(Caption-style text data)
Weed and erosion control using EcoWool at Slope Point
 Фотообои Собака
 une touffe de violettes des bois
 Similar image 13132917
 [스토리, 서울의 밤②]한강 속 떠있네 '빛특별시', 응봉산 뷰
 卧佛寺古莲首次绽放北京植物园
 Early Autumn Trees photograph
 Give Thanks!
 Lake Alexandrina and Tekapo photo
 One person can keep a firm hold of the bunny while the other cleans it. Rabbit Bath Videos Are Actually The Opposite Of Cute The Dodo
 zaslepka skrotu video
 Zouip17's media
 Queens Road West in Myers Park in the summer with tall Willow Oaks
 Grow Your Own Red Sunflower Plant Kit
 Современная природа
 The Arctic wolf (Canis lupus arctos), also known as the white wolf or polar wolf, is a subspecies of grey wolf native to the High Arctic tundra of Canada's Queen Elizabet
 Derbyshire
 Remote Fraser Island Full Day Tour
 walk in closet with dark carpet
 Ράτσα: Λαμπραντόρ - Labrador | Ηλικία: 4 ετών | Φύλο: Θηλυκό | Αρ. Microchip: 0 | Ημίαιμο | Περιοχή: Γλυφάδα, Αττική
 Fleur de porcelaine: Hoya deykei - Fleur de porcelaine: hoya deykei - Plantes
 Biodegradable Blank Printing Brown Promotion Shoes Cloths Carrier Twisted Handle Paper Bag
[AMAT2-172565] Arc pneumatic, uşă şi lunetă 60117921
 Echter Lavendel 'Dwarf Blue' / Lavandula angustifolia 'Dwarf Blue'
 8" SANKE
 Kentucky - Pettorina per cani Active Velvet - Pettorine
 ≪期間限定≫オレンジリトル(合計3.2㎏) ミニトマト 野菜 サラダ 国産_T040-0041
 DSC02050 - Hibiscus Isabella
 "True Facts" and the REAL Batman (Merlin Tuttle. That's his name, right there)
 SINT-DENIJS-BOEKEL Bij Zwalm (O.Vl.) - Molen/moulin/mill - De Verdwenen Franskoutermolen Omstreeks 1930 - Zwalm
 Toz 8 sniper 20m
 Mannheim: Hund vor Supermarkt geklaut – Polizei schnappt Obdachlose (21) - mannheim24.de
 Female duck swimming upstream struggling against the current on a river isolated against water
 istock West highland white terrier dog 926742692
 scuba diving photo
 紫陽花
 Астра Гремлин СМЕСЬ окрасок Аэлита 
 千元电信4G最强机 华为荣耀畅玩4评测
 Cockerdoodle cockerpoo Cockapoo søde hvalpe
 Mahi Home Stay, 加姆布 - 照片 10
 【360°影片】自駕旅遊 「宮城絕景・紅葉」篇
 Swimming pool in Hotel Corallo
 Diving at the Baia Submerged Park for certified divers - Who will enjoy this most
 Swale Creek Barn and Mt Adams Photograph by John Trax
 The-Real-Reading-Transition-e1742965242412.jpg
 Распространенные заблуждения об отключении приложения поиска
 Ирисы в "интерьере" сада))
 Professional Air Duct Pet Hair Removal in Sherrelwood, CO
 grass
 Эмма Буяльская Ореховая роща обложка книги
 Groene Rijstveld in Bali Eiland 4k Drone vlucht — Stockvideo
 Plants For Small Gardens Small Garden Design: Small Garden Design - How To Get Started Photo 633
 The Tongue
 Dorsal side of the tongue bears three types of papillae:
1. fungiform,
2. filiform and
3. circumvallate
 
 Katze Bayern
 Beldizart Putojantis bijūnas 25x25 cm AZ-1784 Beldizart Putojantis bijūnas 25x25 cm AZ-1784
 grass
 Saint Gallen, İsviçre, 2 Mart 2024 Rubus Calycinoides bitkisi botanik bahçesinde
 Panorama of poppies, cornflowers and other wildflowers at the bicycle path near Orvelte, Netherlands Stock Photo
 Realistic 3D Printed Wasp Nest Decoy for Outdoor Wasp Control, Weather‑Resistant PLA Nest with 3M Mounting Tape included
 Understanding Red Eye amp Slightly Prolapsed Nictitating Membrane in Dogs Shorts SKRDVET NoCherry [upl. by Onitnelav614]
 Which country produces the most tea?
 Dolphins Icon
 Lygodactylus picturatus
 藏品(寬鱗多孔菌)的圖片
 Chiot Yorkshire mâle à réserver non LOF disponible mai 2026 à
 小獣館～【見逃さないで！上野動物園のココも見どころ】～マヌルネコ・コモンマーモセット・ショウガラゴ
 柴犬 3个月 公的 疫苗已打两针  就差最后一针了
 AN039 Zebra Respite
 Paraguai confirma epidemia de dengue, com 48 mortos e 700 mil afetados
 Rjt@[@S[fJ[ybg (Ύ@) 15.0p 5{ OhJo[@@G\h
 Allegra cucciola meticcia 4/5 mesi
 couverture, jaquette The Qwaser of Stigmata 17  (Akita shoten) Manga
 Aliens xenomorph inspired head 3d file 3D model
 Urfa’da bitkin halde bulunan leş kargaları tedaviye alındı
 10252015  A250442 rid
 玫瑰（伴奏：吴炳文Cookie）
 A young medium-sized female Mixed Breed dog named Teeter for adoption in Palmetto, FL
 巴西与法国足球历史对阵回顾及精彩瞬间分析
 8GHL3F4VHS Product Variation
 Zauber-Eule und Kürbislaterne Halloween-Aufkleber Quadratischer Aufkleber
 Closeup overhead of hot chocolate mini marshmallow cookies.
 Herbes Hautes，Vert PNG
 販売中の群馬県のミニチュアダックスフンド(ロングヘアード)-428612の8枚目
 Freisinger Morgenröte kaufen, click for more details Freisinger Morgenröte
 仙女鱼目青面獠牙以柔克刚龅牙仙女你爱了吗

- The task:
Take the stretch of lines above from the one containing "卧佛寺古莲首次绽放北京植物园" through the one containing "Zouip17's media" and repeat it exactly, adding no other line.

- Worked solution:
 卧佛寺古莲首次绽放北京植物园
 Early Autumn Trees photograph
 Give Thanks!
 Lake Alexandrina and Tekapo photo
 One person can keep a firm hold of the bunny while the other cleans it. Rabbit Bath Videos Are Actually The Opposite Of Cute The Dodo
 zaslepka skrotu video
 Zouip17's media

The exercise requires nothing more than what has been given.